At its peak, RK had an average monthly traffic of about 80,000–100,000 visits. As with many leading state and local blogs, RK ran on the SoapBlox software. The blog ceased operations in late 2008, but its content remained archived until 2011.

==History==
Raising Kaine was founded in 2005, and supported Tim Kaine in the gubernatorial election against Republican Jerry Kilgore. Founder Lowell Feld has written that the blog was founded with the intent "to create a Daily Kos for Virginia." The blog continued to publish content until the end of 2008. Its posts were subsequently archived, where they were accessible until 2011.

==Content==
Lowell Feld, Eric Grim, and a small group of selected users posted entries directly to the front page; other users could post "diaries," the titles of which appeared on the front page in reverse chronological order, with special attention and longer display time for those diaries highly recommended by other users. The other major source of content was the myriad comments posted in response to front page entries and diaries. Comments for popular or controversial diaries or front page threads could run into the thousands.
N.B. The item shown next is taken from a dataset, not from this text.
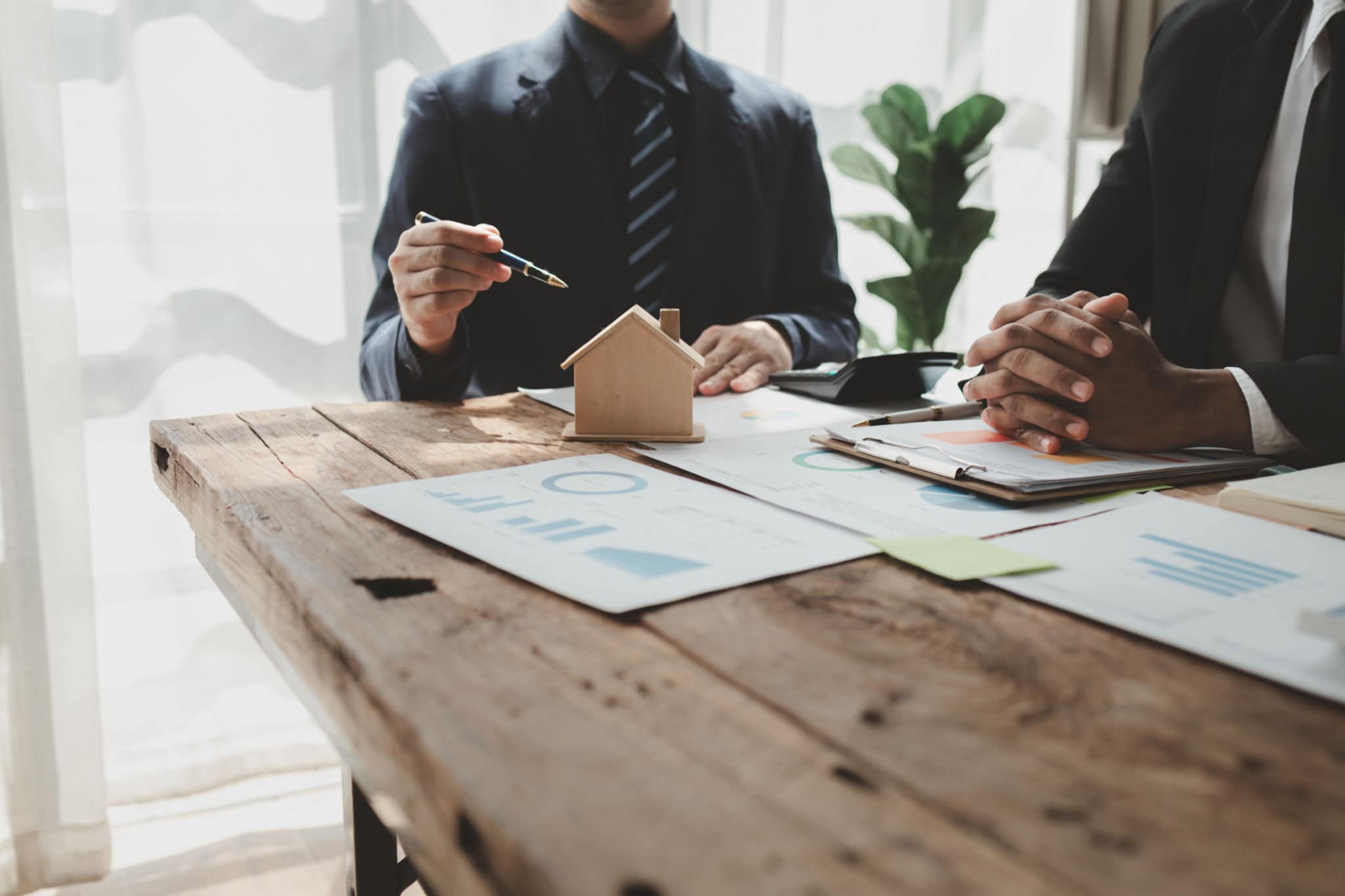 Costruire fiducia nel marketing immobiliare attraverso relazioni e coerenza fiducia marketing immobiliare consulenza clienti in ufficio luminoso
Front page entries and diaries often took the form of a news story from an outside source interspersed with commentary from the author of the diary or post. Sometimes these stories contained a request for action from other members of the community, such as to get involved with a particular campaign, give money to a candidate or contact an elected official about an issue. Some front page entries were called "open threads," which were open platforms for comments on any issue. One of the most popular versions of these open threads were "live threads" of commentary on important events happening in real time, such as debates or elections.

==Webb for Senate campaign==

During the 2006 US election cycle, RK helped found the "Draft James Webb" movement, an effort to draft Marine Corps veteran Jim Webb to run for US Senate against George Allen. The movement was ultimately successful, with Webb declaring his candidacy, defeating businessman Harris Miller in the Democratic primary, and defeating Allen in the general election over the course of the year. Throughout the campaign, RK was a major proponent of Jim Webb's nomination and election. In July 2006, Lowell Feld and Josh Chernila were hired by the Webb campaign as netroots and volunteer coordinator, respectively.